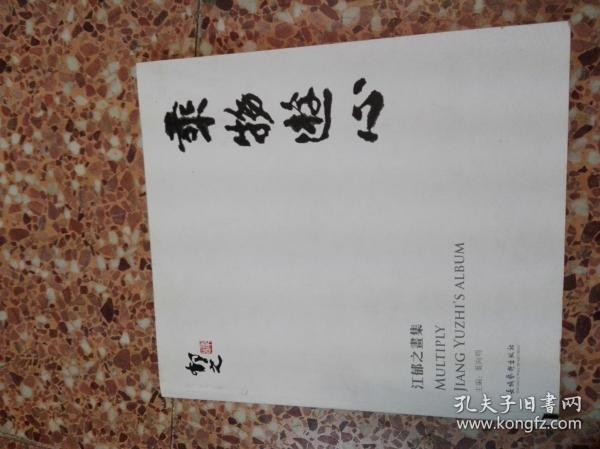 乘物游心   江郁之画集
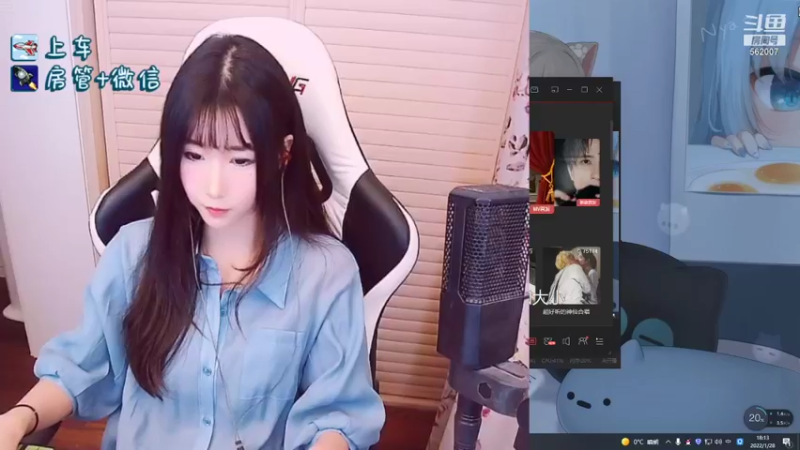 【2022-01-28 18点场】白菇凉：白菇凉:峡谷坐牢有人吗？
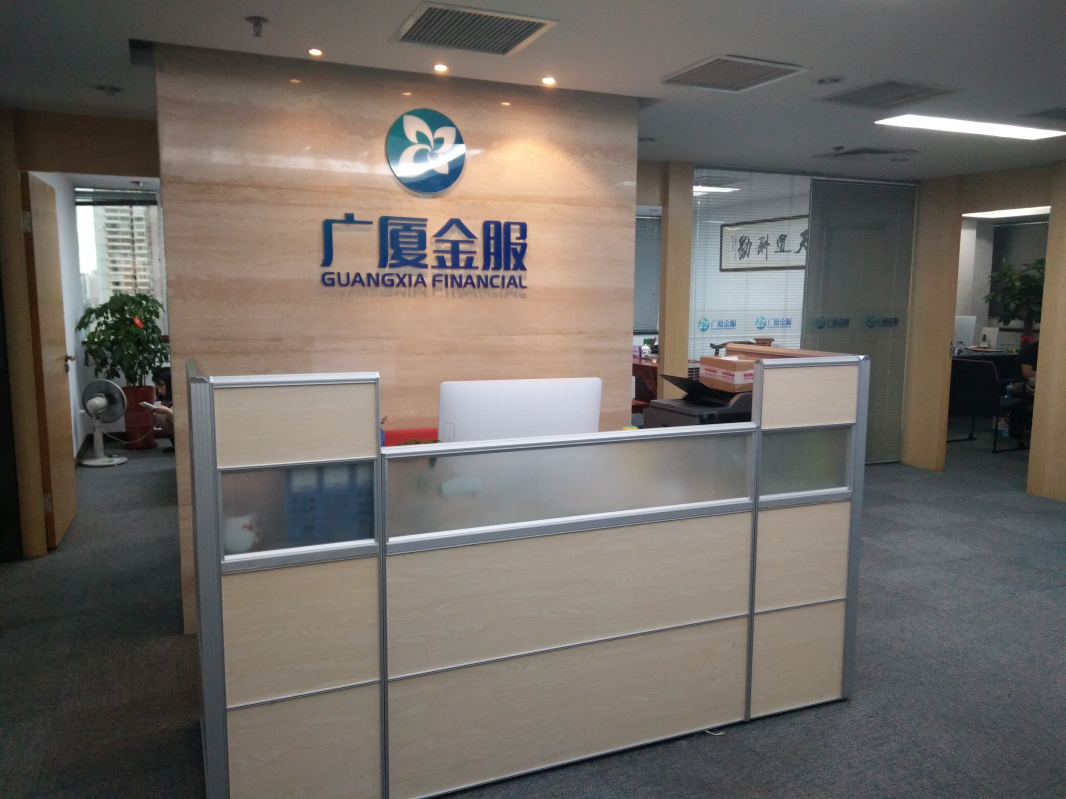 厦门证券电话(厦门证券电话客服电话)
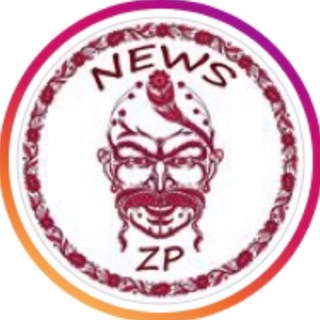 НОВИНИ ЗАПОРІЖЖЯ (І НЕ ТІЛЬКИ)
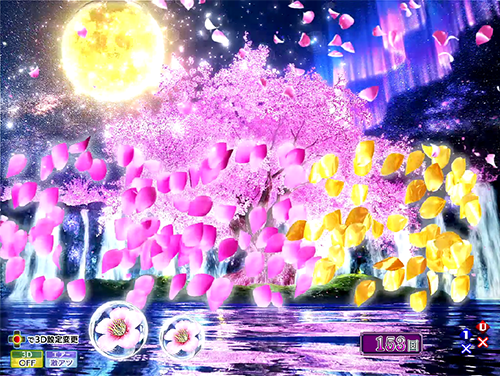 パチンコP花満開 月光GCAの散り画像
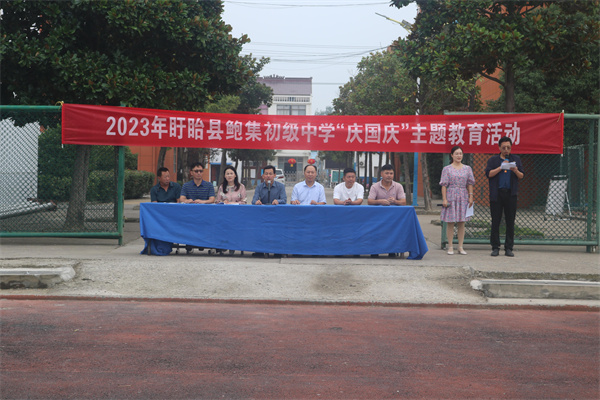 图片1.jpg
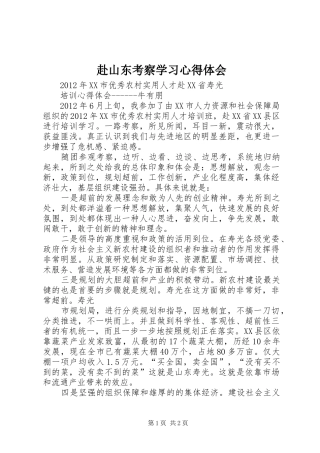 赴山东考察学习体会心得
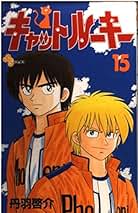 Amazon.co.jp: 丹羽 啓介: 本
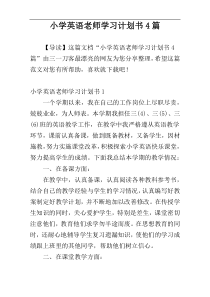 小学英语老师学习计划书4篇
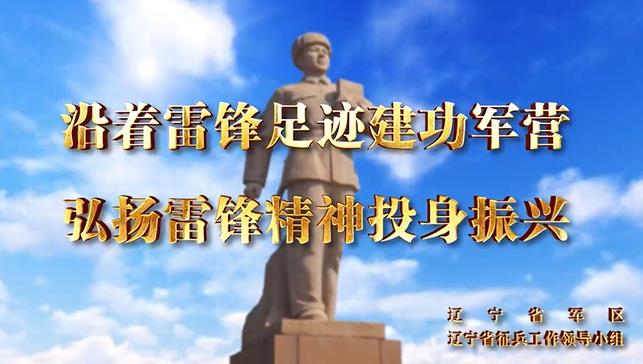2023年辽宁省征兵宣传片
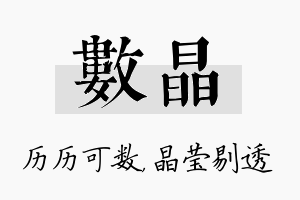 数晶名字的寓意及含义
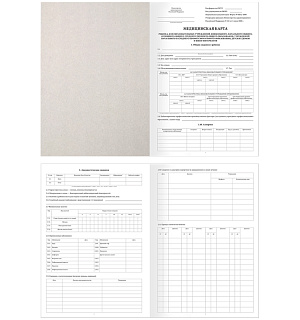 Медицинская карта ребенка OfficeSpace, 16л, А4 (205*290мм), форма 026/у-2000, блок офсет, для девочки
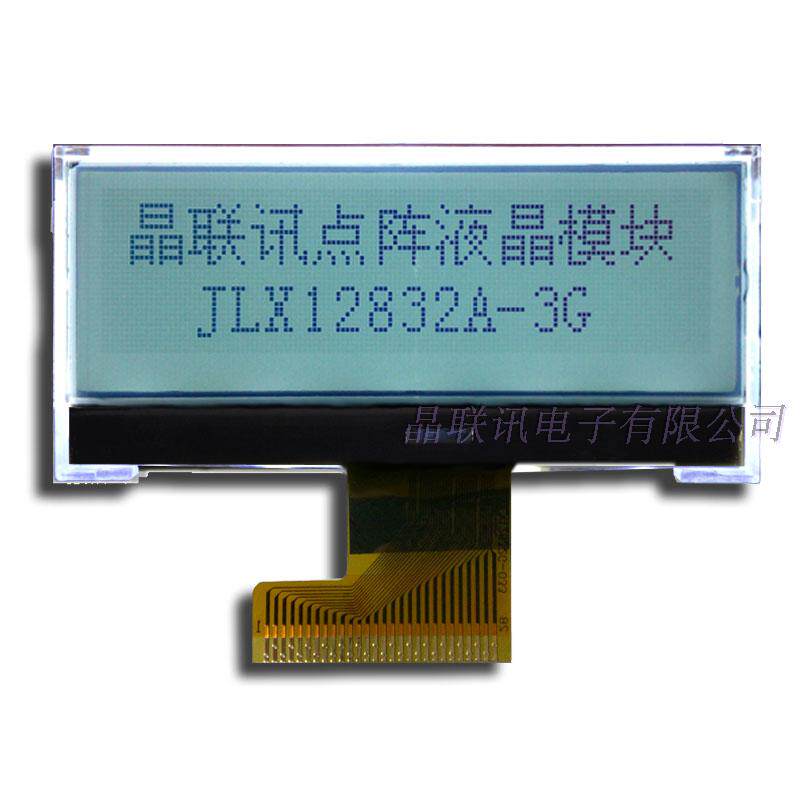 JLX12832A-3G12832 dot matrix liquid crystal display module COG LCM string and optional
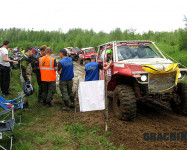 Ladoga Trophy 2014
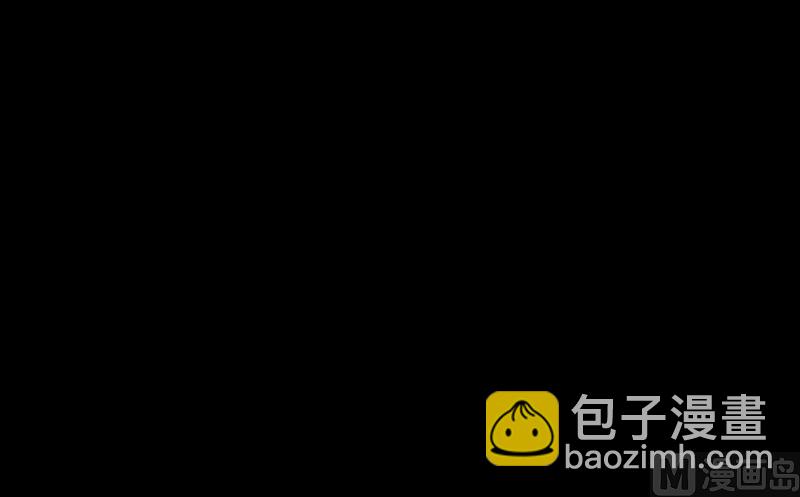 第85话 尴尬29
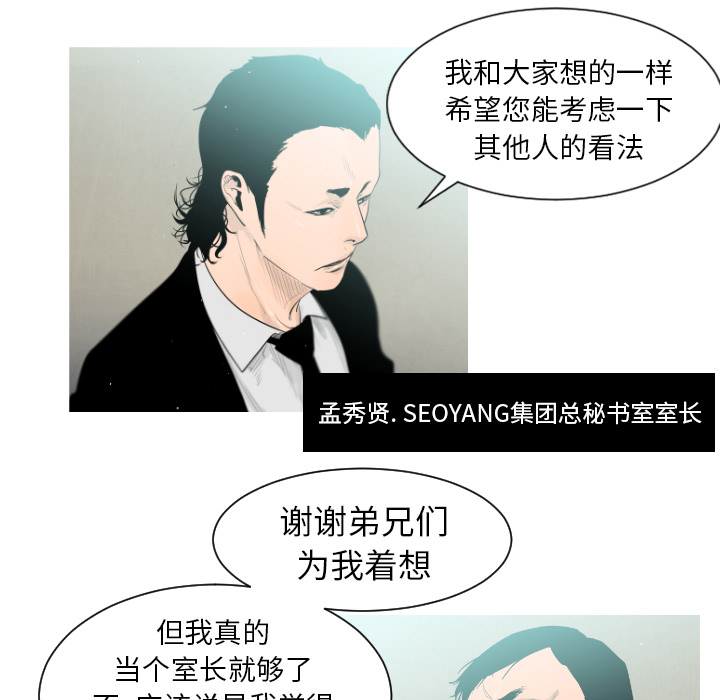 第1话9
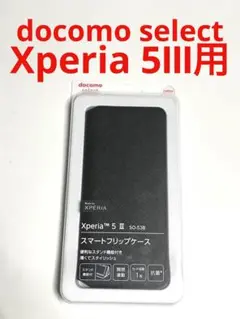 11695 エクスペリア XPERIA5Ⅲ用 手帳型ケース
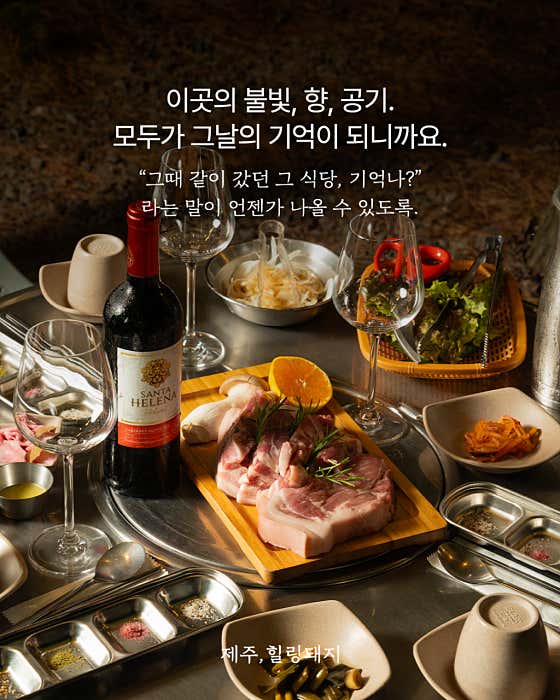 🌊🐖🍷 바다힐링돼지세트 메뉴 사진(네이버)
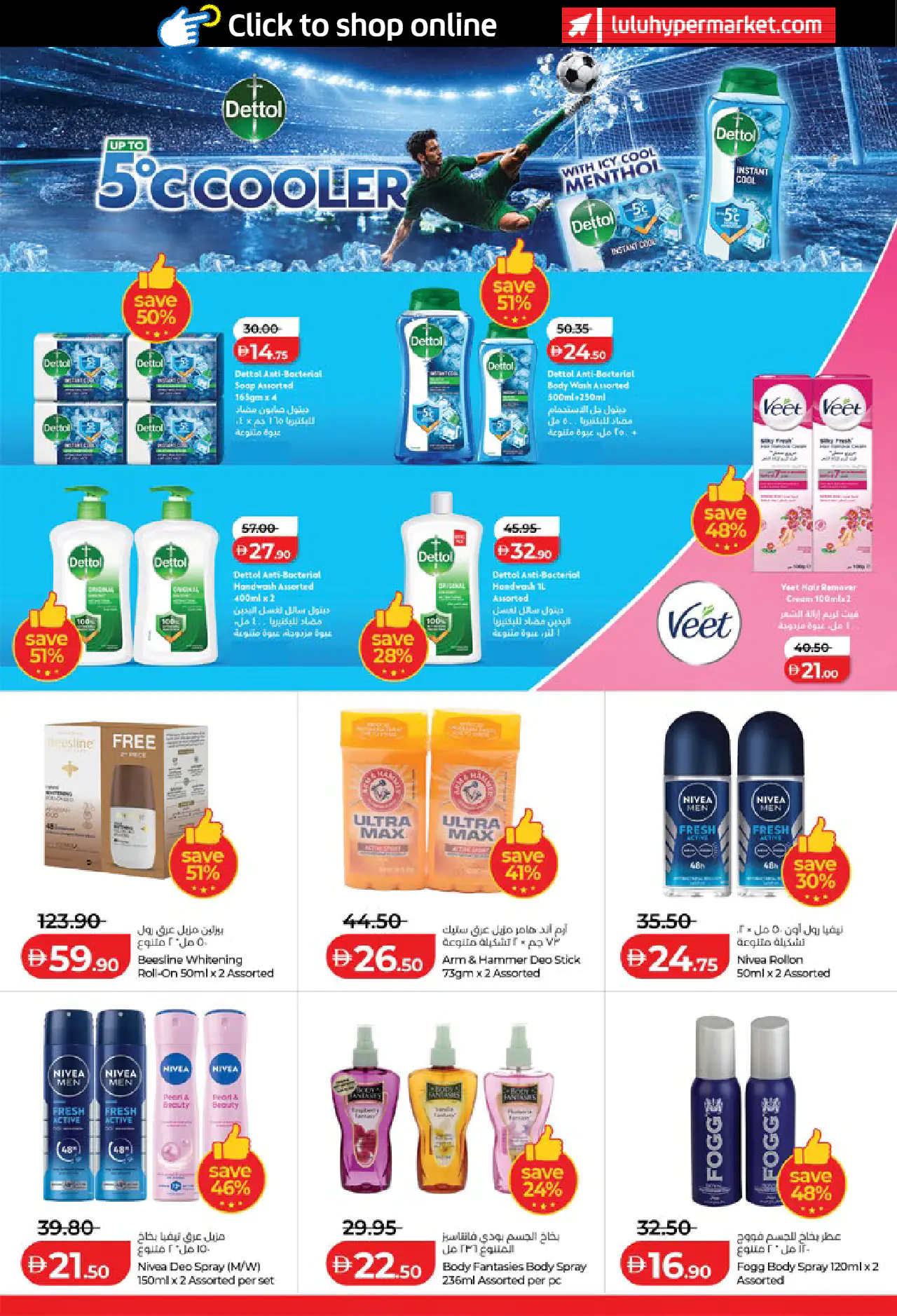 Lulu UAE Offers June 19, 2026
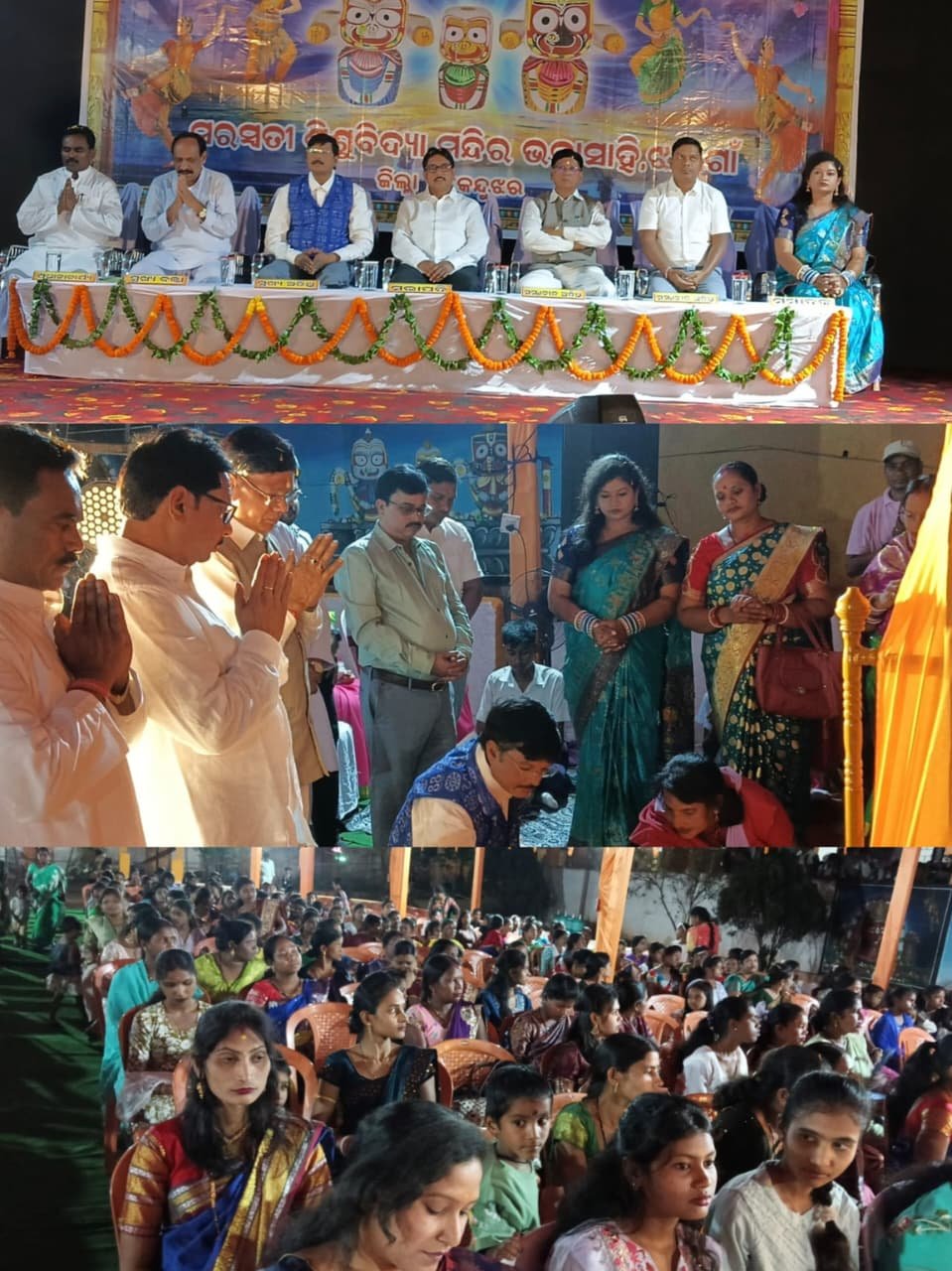 WhatsApp Image 2026-04-23 at 9.35.59 PM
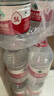 农夫山泉天然水饮用水5L*4桶*3件 整箱 煮饭家庭大桶水塑膜包装随机发 三箱（总12桶） 实拍图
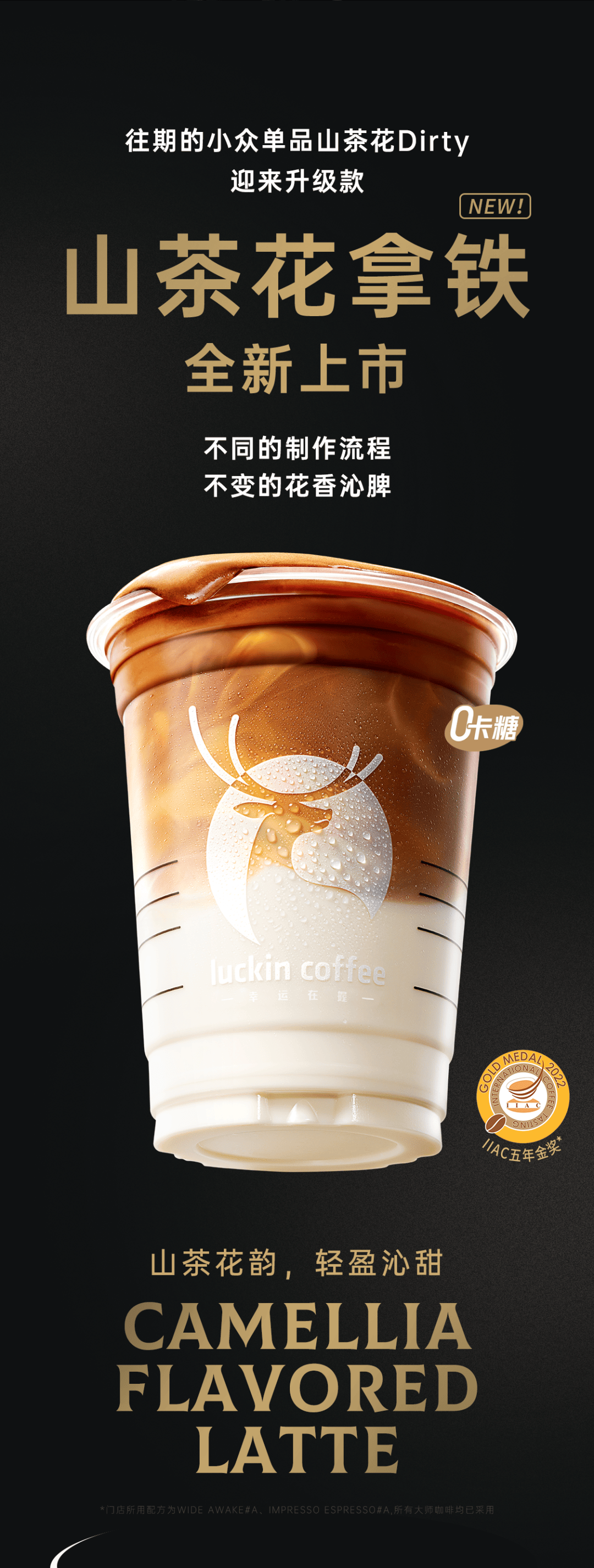 瑞幸咖啡l1山茶花拿铁上新人间仙品邀你共享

..........

Task: Your task is to copy exactly the lines from the line containing "小学英语老师学习计划书4篇" through the final line of the listing above and to omit every picture.

Answer below:
 小学英语老师学习计划书4篇
2023年辽宁省征兵宣传片
 数晶名字的寓意及含义
 Медицинская карта ребенка OfficeSpace, 16л, А4 (205*290мм), форма 026/у-2000, блок офсет, для девочки
 JLX12832A-3G12832 dot matrix liquid crystal display module COG LCM string and optional
 Ladoga Trophy 2014
 第85话 尴尬29
 第1话9
 11695 エクスペリア XPERIA5Ⅲ用 手帳型ケース
 🌊🐖🍷 바다힐링돼지세트 메뉴 사진(네이버)
 Lulu UAE Offers June 19, 2026
 WhatsApp Image 2026-04-23 at 9.35.59 PM
 农夫山泉天然水饮用水5L*4桶*3件 整箱 煮饭家庭大桶水塑膜包装随机发 三箱（总12桶） 实拍图
 瑞幸咖啡l1山茶花拿铁上新人间仙品邀你共享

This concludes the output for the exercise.